*WORK INSTRUCTION*:
Write the listing below out again in full, dropping its pictures.

*DATA SEGMENT*:
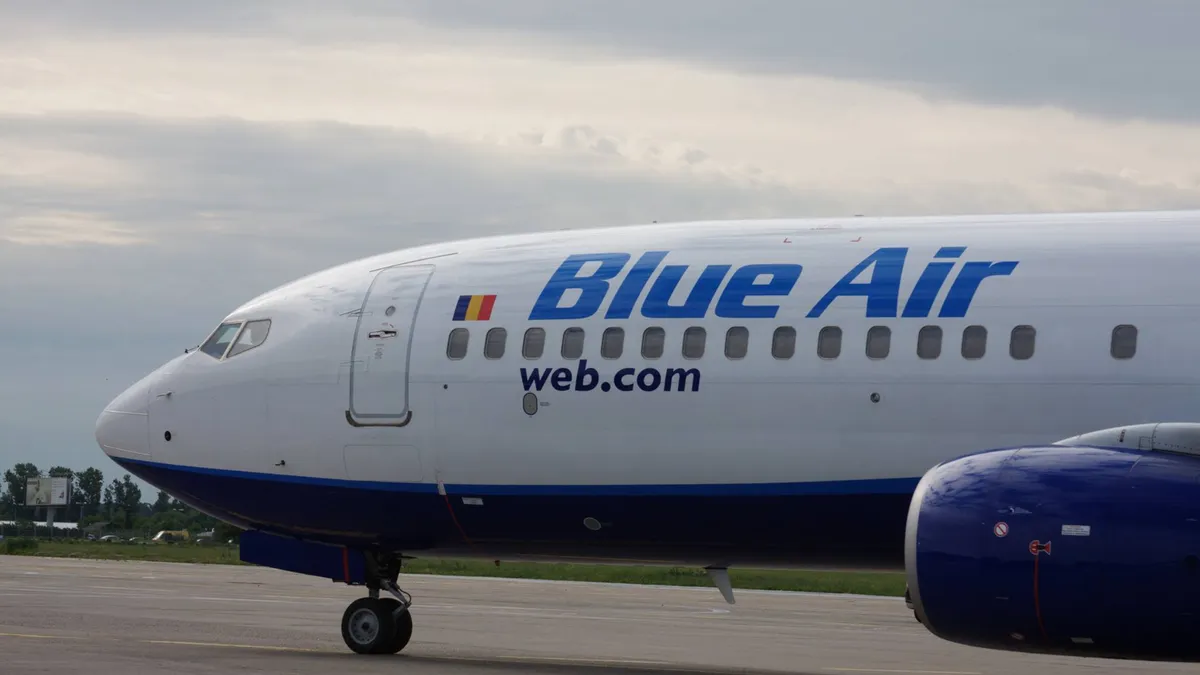 Veşti proaste pentru clienţii ţepuiţi de Blue Air. Când vor fi despăgubiţi pentru biletele pe care nu le-au mai folosit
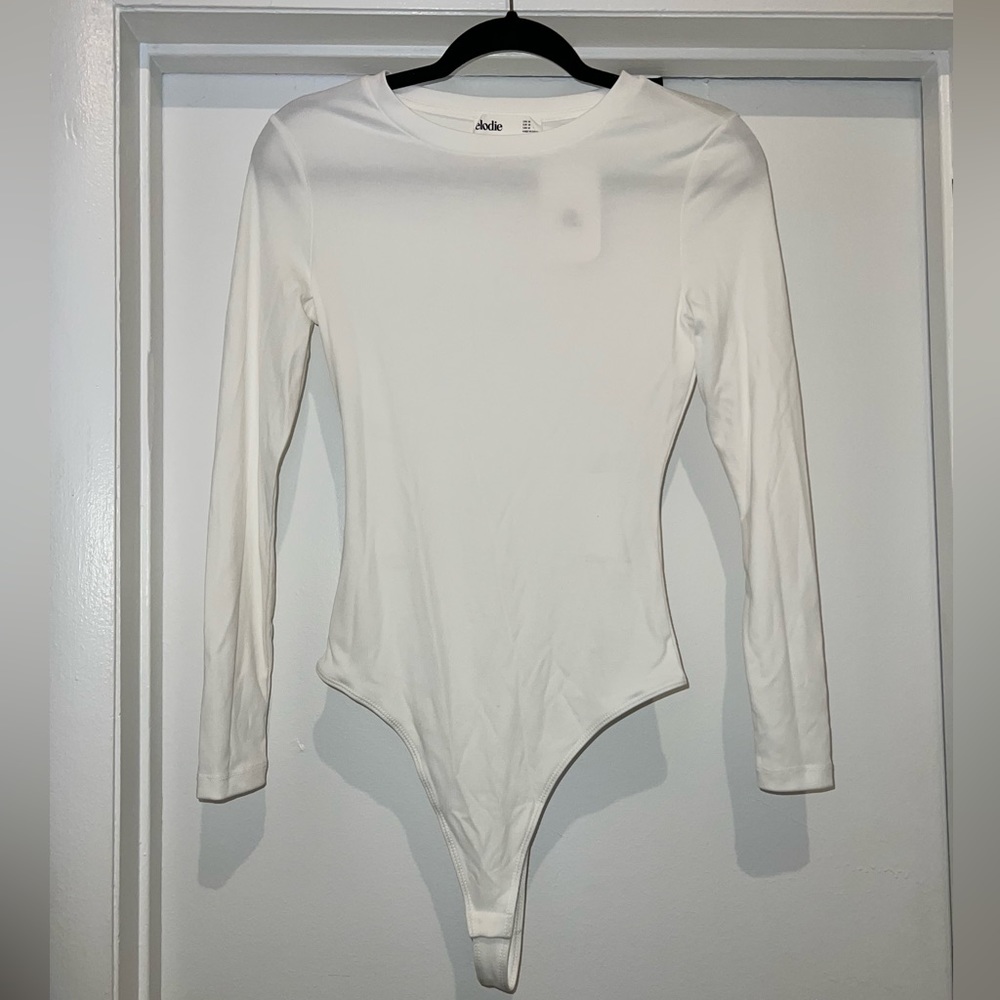 Ribbed white long sleeve bodysuit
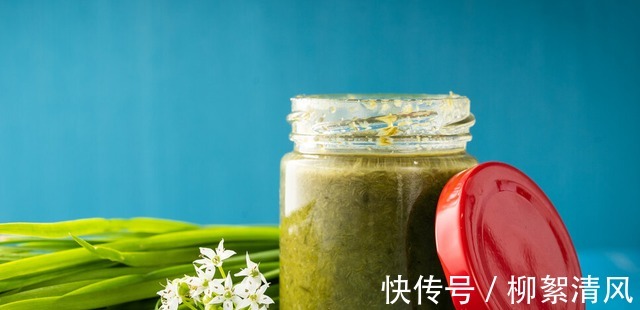 腌韭菜花别只放盐,教你正确比例配方不变色不变味,放一年不坏!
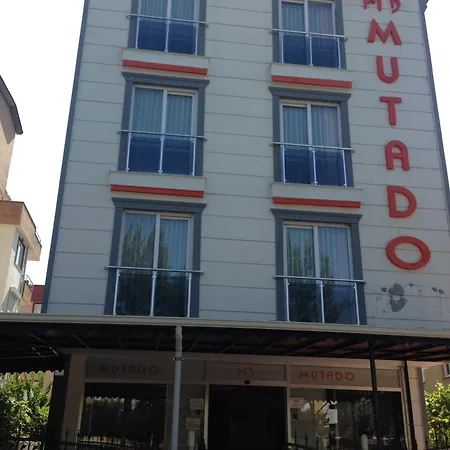Mutado ホテル 2*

*SOLUTION*:
 Veşti proaste pentru clienţii ţepuiţi de Blue Air. Când vor fi despăgubiţi pentru biletele pe care nu le-au mai folosit
 Ribbed white long sleeve bodysuit
 腌韭菜花别只放盐,教你正确比例配方不变色不变味,放一年不坏!
Mutado ホテル 2*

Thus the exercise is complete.